Lo dijo casi sin pensar, sólo quería que se fuera, que dijera lo que tenía que decirle... y se fuera.

- Me quedé dormido arriba de la mesa de aquel rincón. Había trasnochado y tenía muchas cosas que hacer, por eso vine a tomar un café. Fueron apenas unos minutos... en el sueño un ángel me decía que la mujer triste que iba a comprar las rosas amarillas era la mujer que yo había amado en el pasado, que en esta vida no debía dejarla ir. Tuve en medio del sueño un recuerdo muy nítido de unos ojos que me miraban y hasta pude sentir en mi boca el calor de los besos que nos habíamos dado. Cuando me desperté escuché a alguien que gritaba \"¡Señora!\" y te vi comprando las flores. Tus ojos eran los del sueño. Yo sé que es increíble... pero si fuera cierto... No he podido dejar de pensar desde ese momento. Y realmente siento que te conozco, que te amo y que no puedo ni quiero dejarte ir.

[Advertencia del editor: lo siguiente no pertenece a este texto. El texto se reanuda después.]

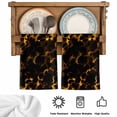 thumbnail image 5 of Black Yellow Orange Kitchen Towels Set of 2, Minimalist Abstract Art Absorbent Dish Towels for Kitchen, Microfiber Hand Towel, Quick Drying Tea Towel for Cleaning Decorative Dishcloths, 5 of 7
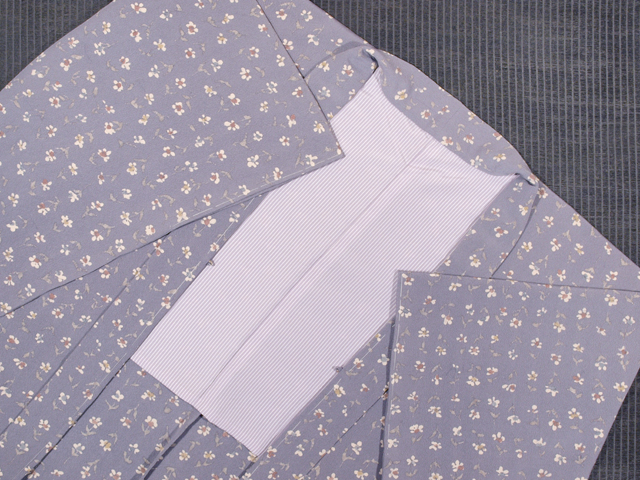 野の花文様 ろうけつ染め 羽織 単衣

Por un momento ella pensó que era un loco, pero no pudo dejar de mirarlo. Algo en su corazón le dijo que era cierto. Que ella también lo había buscado a través del tiempo. Que había pasado varias vidas buscándolo. Que no importaba cómo se llamaba ahora ni qué hacía para ganarse la vida, ni nada que no fuera abrazarlo y darle todos los besos que había guardado. 

Se paró lentamente y rodeó la mesa hasta llegar a su lado, tomó su cara entre sus manos y respirando cerca de su boca le dijo:

- Yo también te he estado esperando.

Salieron caminando abrazados del bar.

Mientras el ángel sonreía en silencio y en su casa las rosas amarillas desaparecían misteriosamente del jarrón.